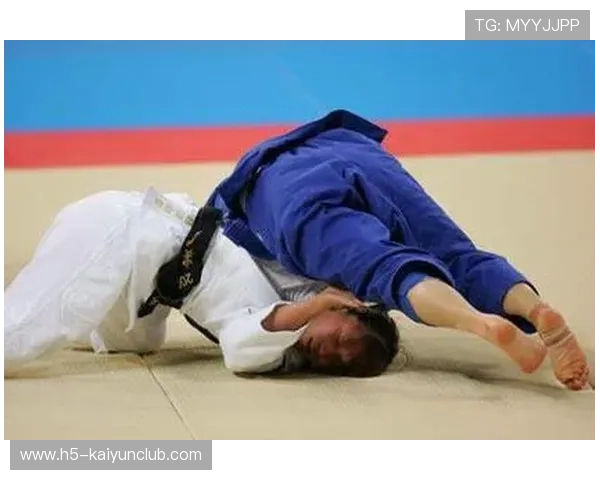 柔道：法国冠军惊险翻盘——精彩瞬间背后的坚持与荣耀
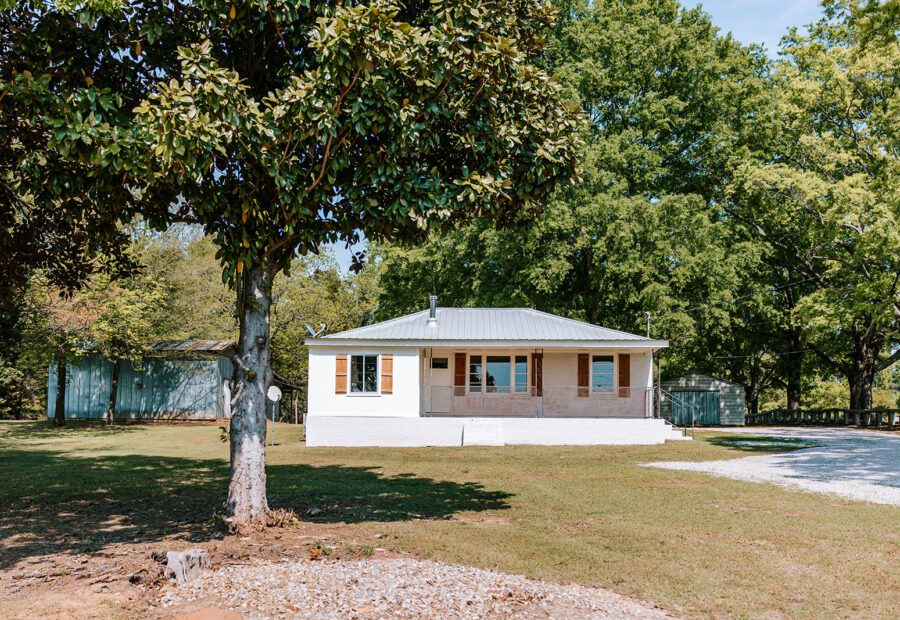 52 Clark Circle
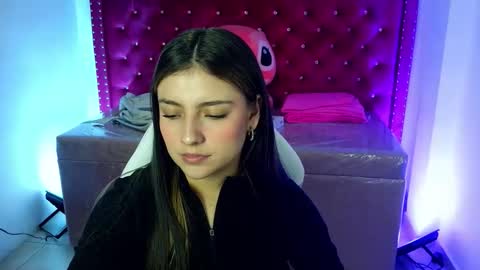 diamond_juliana_ online show from April 28, 2026, 3:00 am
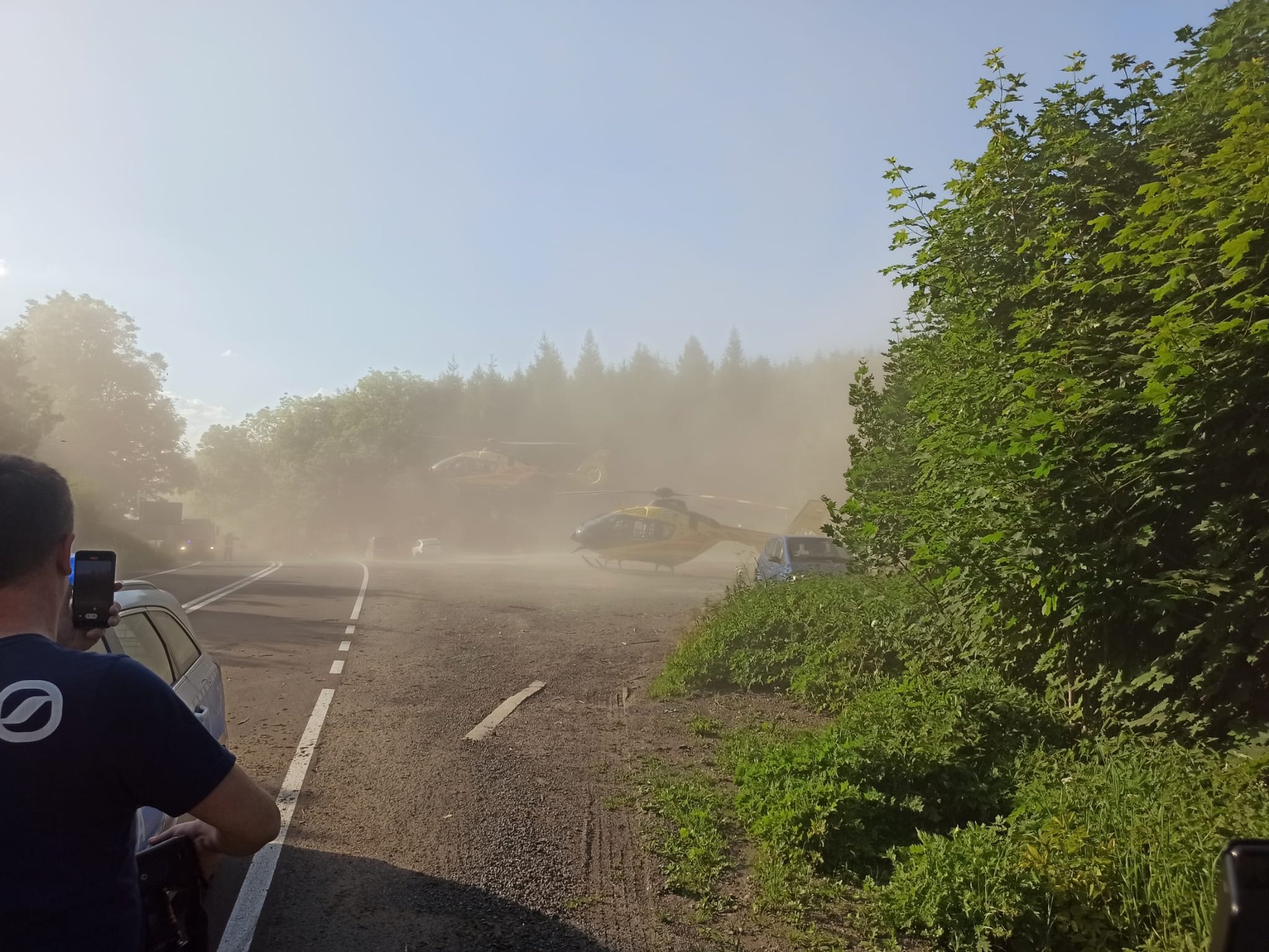 wypadek-autokaru-z-pasazerami-na-przeeczy-kowarskiej-106666
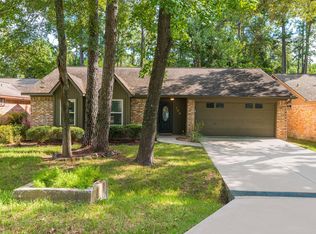 106 N Woodstock Circle Dr, Spring, TX 77381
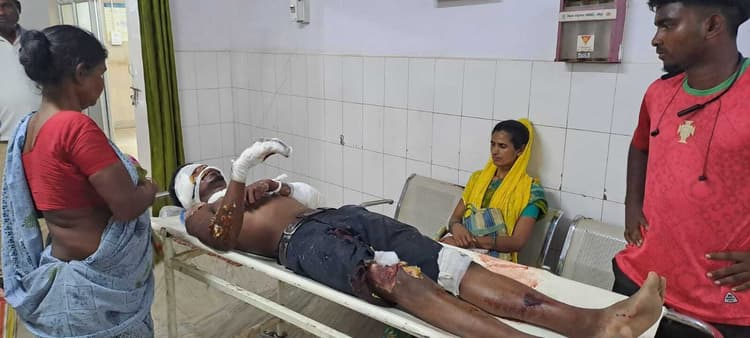 ऑटो पलटने से एक गंभीर रूप से जख्मी, दो अन्य घायल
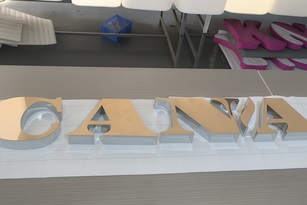 Detalle de letra corpórea 3D de acero pulido espejo sin iluminación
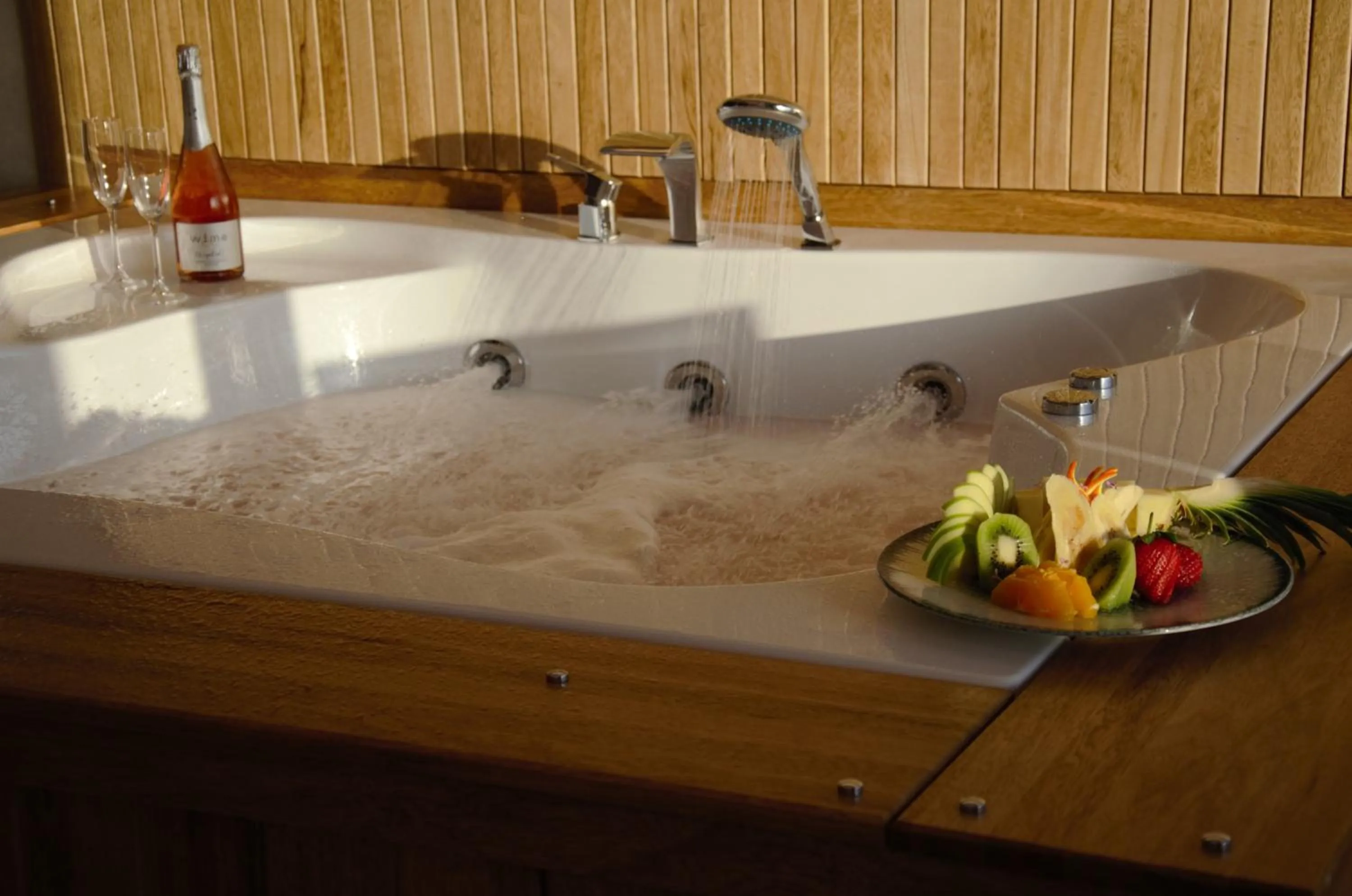 Hot Tub in ERTAN OTEL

◆ ◆ ◆ ◆ ◆ ◆ ◆

## Required action
Exact repetition of the material above is required, with the images removed.

## Exercise result
 柔道：法国冠军惊险翻盘——精彩瞬间背后的坚持与荣耀
 52 Clark Circle
 diamond_juliana_ online show from April 28, 2026, 3:00 am
 wypadek-autokaru-z-pasazerami-na-przeeczy-kowarskiej-106666
 106 N Woodstock Circle Dr, Spring, TX 77381
 ऑटो पलटने से एक गंभीर रूप से जख्मी, दो अन्य घायल
 Detalle de letra corpórea 3D de acero pulido espejo sin iluminación
 Hot Tub in ERTAN OTEL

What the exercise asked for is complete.